The truth was, despite my anger and outrage, I had gone into hiding. I did not step out of home for almost three weeks.
After the whole hoopla, Instagram sent me a silly excuse of an apology via email almost two weeks after the post was removed. Their explanation? It was a mistake by a staff member. I call bullshit. You cannot make so many "mistakes" for so many plus size folks online -- I see through that pathetic apology.
Fighting it out
So now that the mayhem has come to a simmer, I decided to celebrate myself in the much talked about swimsuit. I know this will sound strange but the passing of Muhammad Ali jolted me back to reality. I was in a fog of gloom and anger for a few weeks, feeling despondent despite my best efforts. When I learnt of his demise, I remembered how much I loved and respected his work ethic and never say die persona. He was the epitome of confidence, bluntness and sure he was problematic (name one famous person who isn't) but he taught me to be fearless.

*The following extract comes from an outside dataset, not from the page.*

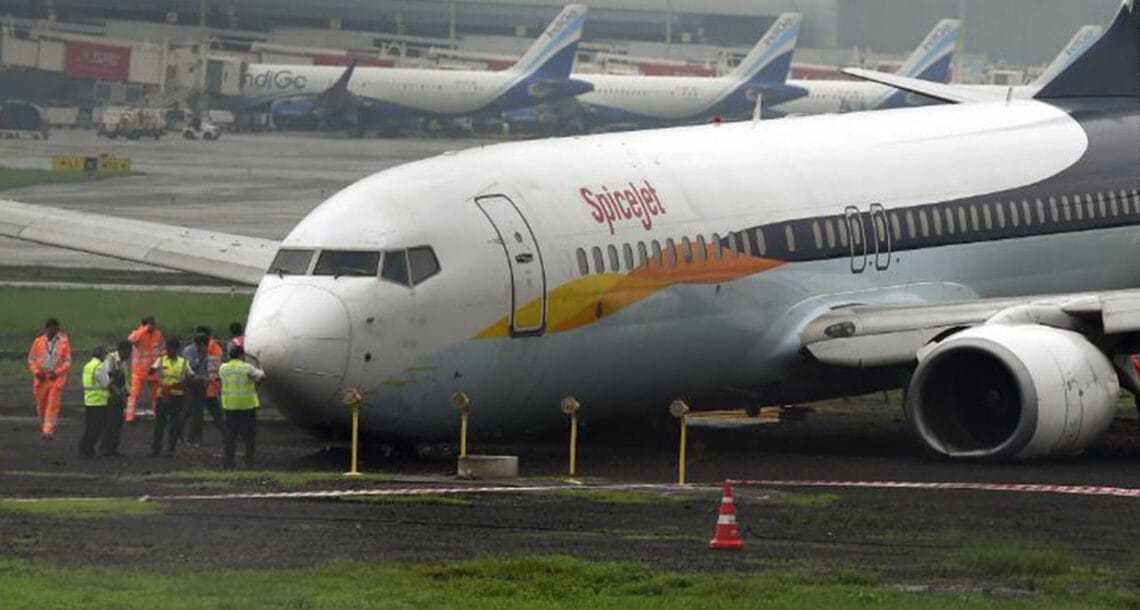 بھارت میں طیارے کا ٹیکنیشن لینڈنگ گیئر کے دروازے میں آکر ہلاک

Allow me to share this Instagram caption:
"I know, a lot of people will share condolences and a lot of people will heap on the bad things he [Muhammad Ali] did. All of our heroes, sheroes have been problematic in one or way or another.

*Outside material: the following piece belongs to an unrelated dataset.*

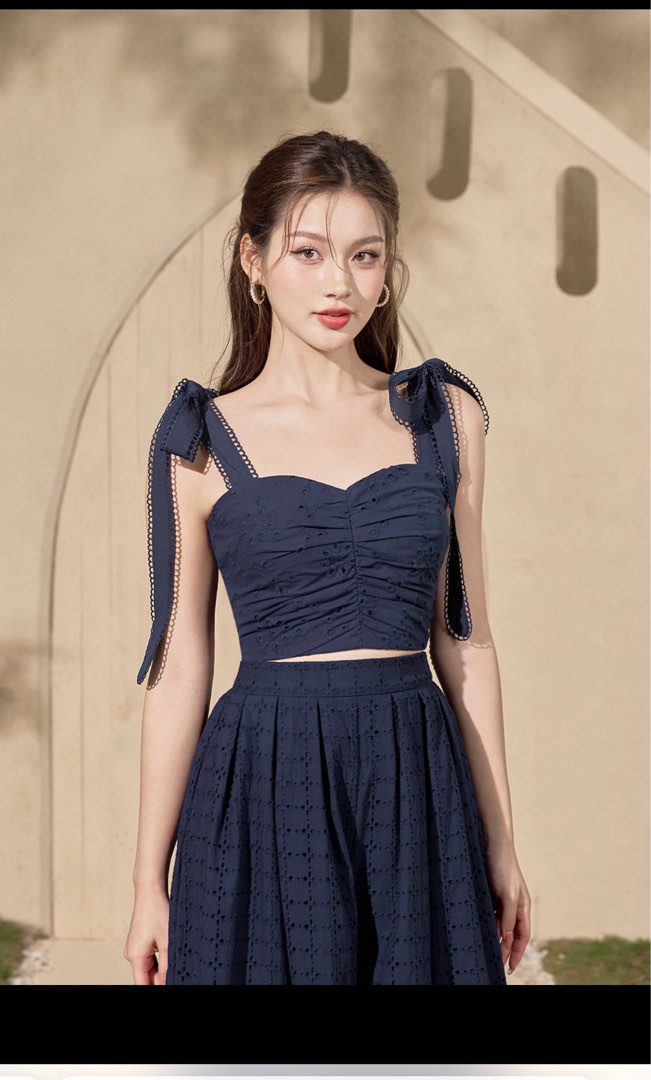 Chello SIOUX RUCHED SWEETHEART BRODERIE ANGLAISE TOP WITH RIBBON STRAPS IN  NAVY BLUE, Women's Fashion, Tops, Sleeveless on Carousell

This might come as a shocker to you but let me break it down this way: My life is divided into two. There is the pre-injuries life and the post-injuries life. Pre-injury Aarti could run for miles. She could box, she could kick some serious butt in the gym. She once debated being a sports psychologist or a fitness psych professional.

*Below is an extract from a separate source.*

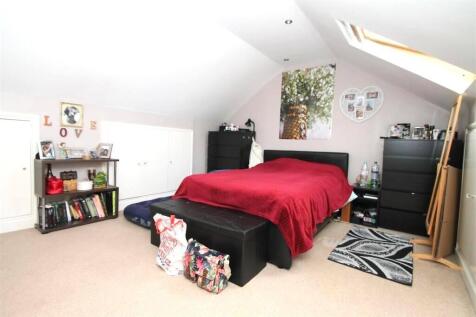 LOFT BEDROOM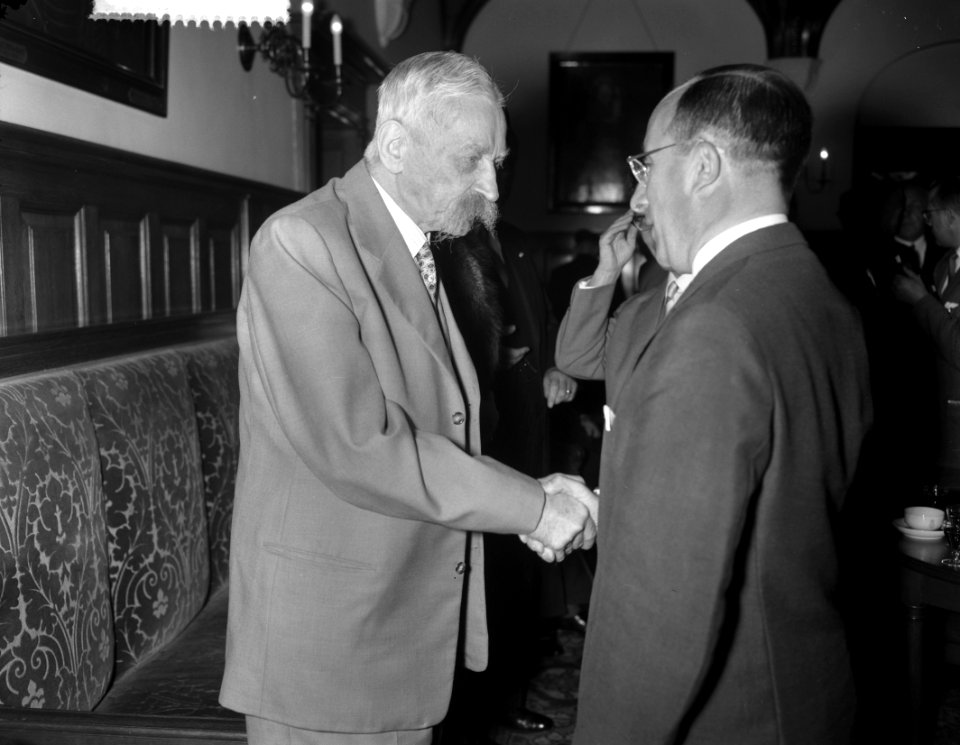 Afscheid_prof_mr_A_Anema_als_lid_Eerste_Kamer_met_Cals,_Bestanddeelnr_911-6032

Pre-injury Aarti held Muhammad Ali on a pedestal. He was her way out of the anger she carried. His confidence made her believe she could be the best in life's boxing ring. Whatever she put her mind to, she would achieve.
Post-injury Aarti is a different person. She reminisces, sometimes finds herself dreaming about her legs taking off as fast as the wind can feeling the blast of air on her face only to wake up and know that It is not a possibility anymore.
But Ali told himself as he grew older and had immense struggle with Parkinson's: That's okay. I'm still a champion. I still rule.
As he will now that he has departed.
And this has reminded me of something I have forgotten along the way: I may be bruised, battered, injured. But I am only as defeated as my mind tells me.
It is time to become undefeated once again. Thank you for the reminder CC."
The truth was, despite my anger and outrage, I had gone into hiding. I did not step out of home for almost three weeks. The Instagram incident was preceded by a body shaming encounter at a relative's place just a weekend before. I was so, so tired of the body politics I am surrounded by -- as if my body is public property and deciding how I look is not up to me. I spent that morning at my aunt's place having my tummy stared at blatantly. My aunt passed me a box of Indian sweets with the following sagely advice: "You don't eat it okay? Let the hubster eat it. You just smell it if you want."
Now even if that was said in jest: it was not funny. Also, I had my share of hate after my cultural appropriation article for Wear Your Voice was shared by Everyday Feminism. You recall my series of asthma attacks, yes? Imagine this: me holding an oxygen mask to my face while tears ran down my face as I read hurtful harassing Twitter comments aimed at me for remind White people to respect my culture, not use it as a costume or fashion fad. So yeah, the first half of 2016 has been quite eventful. But I am not going to let this cramp my existence. Which is why I decided to indulge in a blog shoot with the much talked about body of mine in that swimsuit.